L'Inde occupe désormais la 159e place sur 180 pays examinés par RSF. À l'approche des élections, il y a eu au moins 134 violations de la liberté d'expression en Inde entre janvier et avril, selon l'organisation Free Speech Collective. Parmi les personnes concernées, on trouve des journalistes, des universitaires, des YouTubers ainsi que des étudiantes et des étudiants.
Les activistes des droits humains et de l'environnement ont aussi fait l'objet d'un harcèlement permanent au cours de la dernière décennie, qui s'est traduit par des peines de prison de plusieurs années. Lors de l'une des pires attaques contre les militantes et militants pour les droits humains, le gouvernement Modi a arrêté 16 personnes, dont des professionnels des médias, des poètes, des avocats, hommes et femmes, et un père jésuite, en vertu des lois draconiennes du pays.
Les performances économiques de l'Inde n’incitent pas non plus à l’optimisme, même si le pays est considéré comme l'économie à la croissance la plus rapide selon le Fonds monétaire international et la Banque mondiale. Une étude récente de l'Organisation internationale du travail (OIT) sur la hausse du chômage en Inde a révélé que le chômage des jeunes était nettement plus élevé dans les zones urbaines que dans les zones rurales et touchait plus souvent les jeunes gens de 15 à 19 ans que les jeunes plus âgés, de 20 à 29 ans. Selon la même étude, le taux de chômage des femmes était nettement plus élevé que celui des hommes en 2019, mais il a diminué pour atteindre le même niveau en 2022.
Pire encore, l'inégalité des revenus en Inde a atteint le niveau le plus élevé parmi les pays du monde sous l'ère Modi.
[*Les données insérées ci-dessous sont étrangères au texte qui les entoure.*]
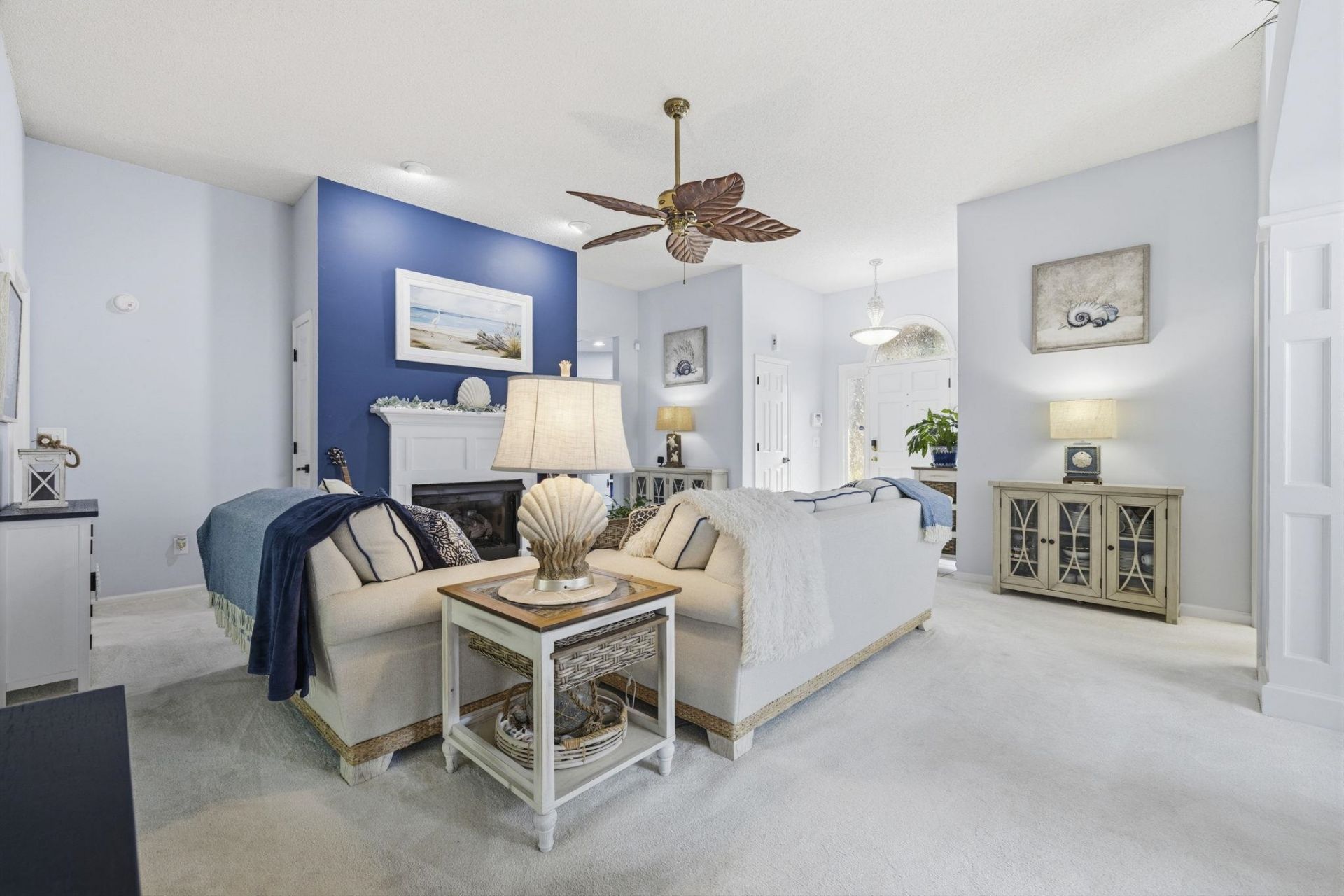 2488 Glen Dr. Photo 11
Un récent rapport d'économistes, dont Thomas Piketty, indique : « Entre 2014/15 et 2022/23, l'augmentation des inégalités dans le haut de l’échelle est particulièrement prononcée, en termes de concentration des richesses. » Il est donc clair que la confirmation du gouvernement de Narendra Modi pour un troisième mandat de cinq ans entraînera d'autres revers et plongera l'Inde dans un abîme de difficultés sociales, économiques et politiques.
* CHARWAKA : L'auteur de cet article – un journaliste originaire d'Asie du Sud qui couvre l'actualité depuis la Suisse – utilise un pseudonyme pour des raisons de sécurité.